The story as it's told is this: The most powerful and vicious drug lord in Afghanistan captured and enslaved a wizard. After suffering hideous torture, his body and will broken, the wizard finally consented to do his captor's bidding -- to summon up a commando of demon soldiers. The Gore Golems' bodies were constructed from the entrails of a hundred slaughtered enemies, and then animated by each being fed a portion of the wizard's own soul. The grizzly monsters now serve as the drug lord's personal body guard. They are unstoppable in battle; even the bravest man is paralyzed with fear when confronted by their demonic visage.
The truth of the matter is more mundane -- yet no less strange.
The "Gore Golem" is a semi-intelligent, quasi-insect species imported from the deep caverns of Mars. It is believed that six are currently on Earth, and it is true that they are in the possession of an Afghan Opium cartel.
The creature -- whose proper name is unknown -- is a horrid sight to behold. It stands between eight and nine feet tall. The barrel chest has two overlapping ribcages, and an exposed double-stomach digestive system. The thing is covered in grizzly, glistening shell armor -- which sweats blood, so that it's constantly coated with a wet red sheen. It is bipedal, walking on skeletal legs that somewhat resemble those of a grasshopper. The arms are dangerous whipping tentacles. The mouth is concealed in a thick, stump-like neck -- which is guarded by four miniscule eyes at the ends of long, prehensile stalks, that look quite like writhing worms.
"Gore Golems" are not intelligent enough to act as independent mercenaries; their mental capacity is similar to that of a trained horse. However, the animals are deeply susceptible to hypnotic suggestion. By entering a drug-enhanced meditational state, human handlers are able to command the "Golems" almost as if they were extensions of their own mind.

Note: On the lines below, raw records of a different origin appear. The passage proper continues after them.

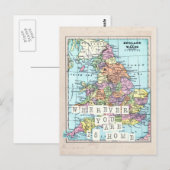 Waar u bent is het Briefkaart van de  kaart van he (Voorkant / Achterkant)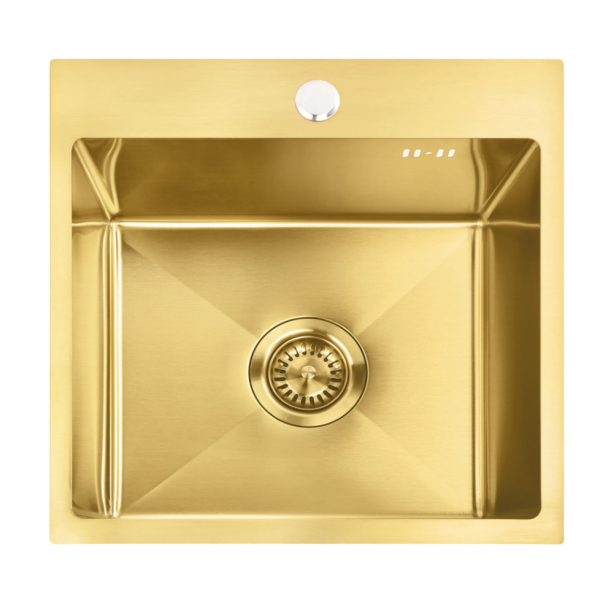Стальная кухонная мойка REA LEO 40 BRUSHED GOLD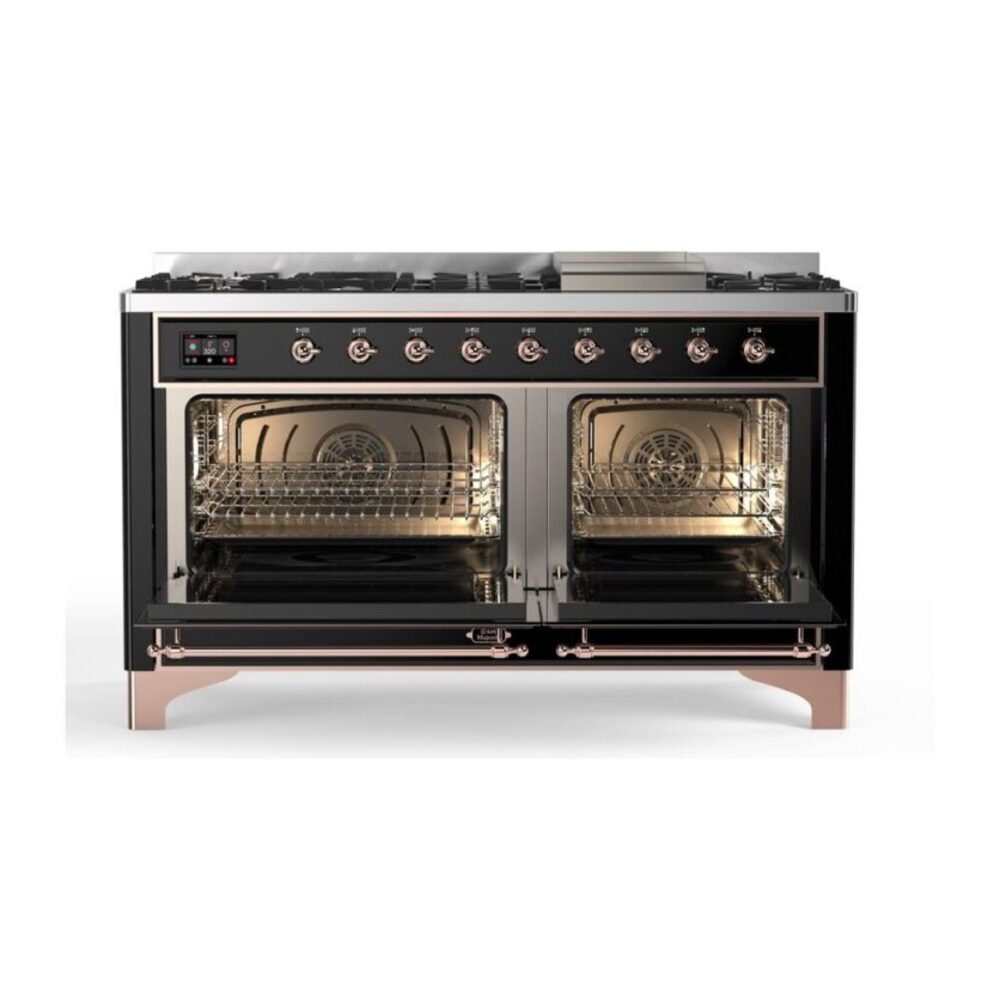 ILVE_UM15FDQNS3BKPLP_Majestic_II_60"_Dual_Fuel_Range_doors-opened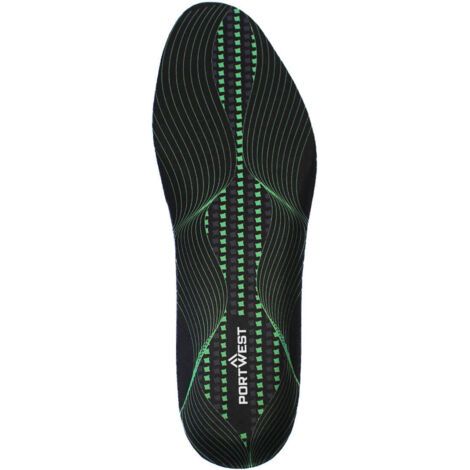 Plantillas de gel con arco plantar Negro/Verde S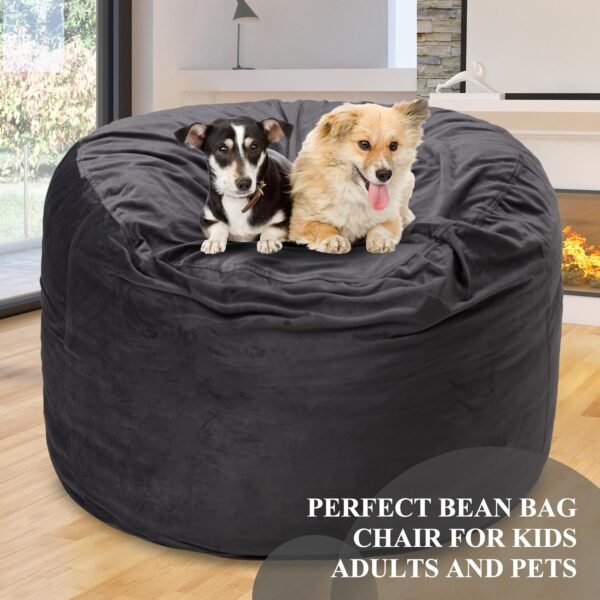 4FT Bean Bag Chairs for Adults with Filling,Big BeanBag Chair with Pocket&Handle,Memory Foam Bean Bags with Velvet Cover for Living Room Bedroom (Grey) - Image 6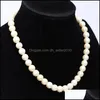 Beaded Necklaces Elegant Ivory White Glass Imitation Freshwater Pearl Necklaces For Women Jewerly 1970 Q2 Drop Delivery 2022 Jewelry Dh7Ok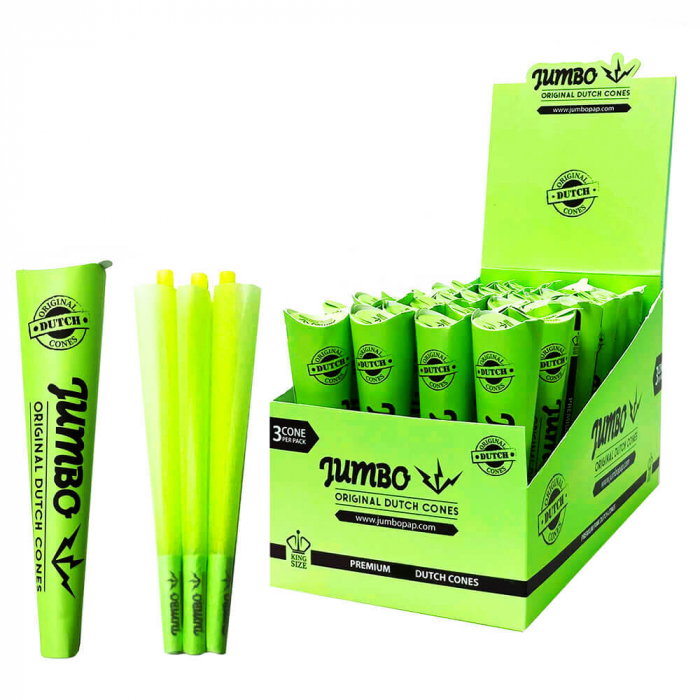 Conuri pre-rulate Jumbo, King Size, Verde x3 [2]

Indeed, over time as the telepathic bond between handler and animals increases, the human becomes able to control them from great distances -- even when they are miles away and out of sight. Given the tactical advantages this presents, drug lords are prone to choose their best and brightest soldiers to manage the Martian beasts. But, the power that the "Golems" grant is not without a price. Human beings who attempt to control these terrifying instruments of death are quickly drained of their mental and physical strength; no master has ever lasted more than six months.
When the handler dies -- eyes wide open, mad and staring -- the "Golems" go into a wild frenzy, killing and destroying everything in their path. Recapturing them and putting them under human control again is a difficult feat, always accompanied by loss of life.
Among certain opium-trafficking drug lords, possession of the "Golems" has become something of a status symbol. More than once, one of these men has ruthlessly executed a rival and tried to steal the beasts for himself. It is rumored that during a botched attempt at theft, one of the six animals escaped, and has since been running amok somewhere in the Hindu Kush mountains.
Cartel use of these creatures violates both international and interplanetary law (United Nations special code). My "foreign contact" has hinted that a mission may be afoot on his end of things to deal with the problem -- but details beyond this are not forthcoming.
A last detail, which I am reluctant to mention. Beyond the sheer physical power of the "Opium Gore Golems", and the undeniable psychological impact that they have on their foes, the creatures are also valued for their detachable shadows. When commanded to, the animal goes into an inscrutable dormant state, and its shadow rushes off from battle to report to its human master. I have witnessed this with my own eyes... And while I have no explanation as yet for how such a thing is possible, I continue to insist that it cannot be "magic."